Copiapo itself sprouted from the desert in the 18th century as a gold boom town, home to the first railroad in South America and earliest telegraph line in Chile. It remains a prosperous mining town to this day, though copper is the metal du jour. (Chile is the world’s largest copper producer.)

If you’ve heard of Copiapo, it’s no doubt because of the 33 miners who were trapped more than 2,300 feet underground at the nearby San Jose Mine. Their dramatic rescue after 69 days was the Thai cave event of 2010, watched by an estimated global audience of 1 billion and memorialized in a 2015 movie staring Antonio Banderas.

Despite all the attention, this southern patch of the Atacama Desert has never really caught on with tourists, who generally bypass Chile’s Atacama Region altogether for the resort town of San Pedro in the Antofagasta Region farther north.

I’ve flown into Copiapo’s airport to find out why, and to try to discover what everyone else is missing.

My base is the Hotel Wara (villas from $200 a night), a stunning property decorated with perky cacti and prismatic Andean textiles where Banderas and his fellow actors stayed during the filming of “The 33.” After a long afternoon traversing the coast, I set off on Day Two with Pizarro to explore some ancient rock art in the nearby Quebrada de las Pinturas.

This jagged ravine is home to a collection of paintings made about 1,500 years ago. They depict llamalike guanacos and humanish figures, and give tantalizing clues about the Las Animas culture, whose people etched out a life in one of the planet’s most inhospitable places. Pizarro says it’s one of the best spots in the Atacama “to reflect on the life of our ancestors and the deep connection they had with the desert.”

The scenery out my window shifts wildly from harsh and angular to soft and powdery, contradicting the stereotypes of deserts as empty, featureless wastelands.

Not far from the rock art, we find ourselves in the Mar de Dunas, a Sahara-like landscape of rolling sand hills that are more than three times the height of their African counterparts. The area is popular for trekking and sandboarding, but we’ve come to do a bit of off-roading a la the Dakar Rally, whose route often snakes through this giant sand trap.
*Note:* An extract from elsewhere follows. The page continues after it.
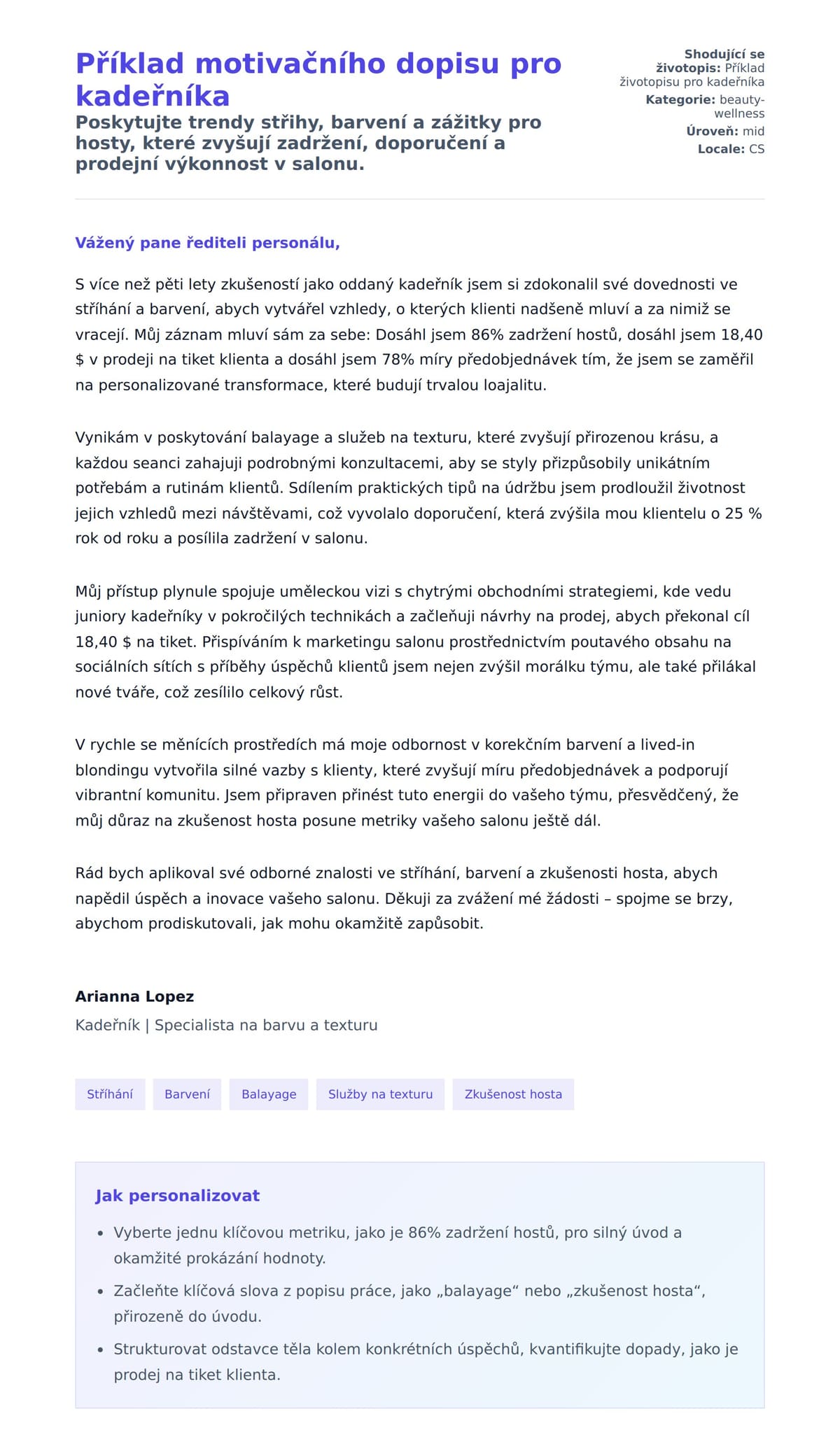 Náhled motivačního dopisu pro Příklad motivačního dopisu pro kadeřníka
After some heart-pumping action, we climb to the top of the towering Medanoso Dune to place colorful Andean blankets on the sand and watch as the setting sun sends shadows dancing across the desert.

On my final day in the Ata­cama, Pizarro and I head up to the ­Altiplano (high plain) via a wide, khaki-colored valley. The plan is to take in the (quite literally) breathtaking features of Nevado Tres Cruces National Park, a cloud-hugging Andean reserve just west of Ojos del Salado, the second tallest mountain in the Western Hemisphere and highest active volcano in the world at nearly 23,000 feet.

We stop several times on the ride up to acclimatize to the altitude, visiting the ghost town of Puquios (former population: 5,000) and some small oases inhabited by the indigenous Kolla community, who sell colorful textiles and blocks of salty-sweet goat cheese. By the time we reach the park entrance, we’re breathing 30% less oxygen at a height of about 13,000 feet.

Pizarro says this area is called the “sky of South America,” as it’s home to a collection of 16 summits over 20,000 feet. Nowhere beyond the greater ­Himalayas has such lofty earth. These barren volcanic peaks lie in the backdrop during our afternoon at Laguna Verde, an ethereal green lagoon populated by pink flamingos.

Walking the half-mile path down to the edge of the lagoon from the park’s small mountaineering lodge is an exhausting task. The thin air seems to age me 30 years, while the strong solar rays sap my energy and suck all humidity from my bulging eyes.

The way back to Copiapo that afternoon skirts the edge of the Salar de Maricunga, a blindingly white salt flat near the border with Argentina. It’s the southernmost salt flat in South America, and its bleached earth sits in stark contrast to the burnt-brown hills of the Altiplano.

It’s hard to imagine why this land of superlatives hasn’t yet caught on with tourists. However, after this summer’s total solar eclipse brought throngs of eclipse chasers to southern Atacama, it may soon become a must-see destination.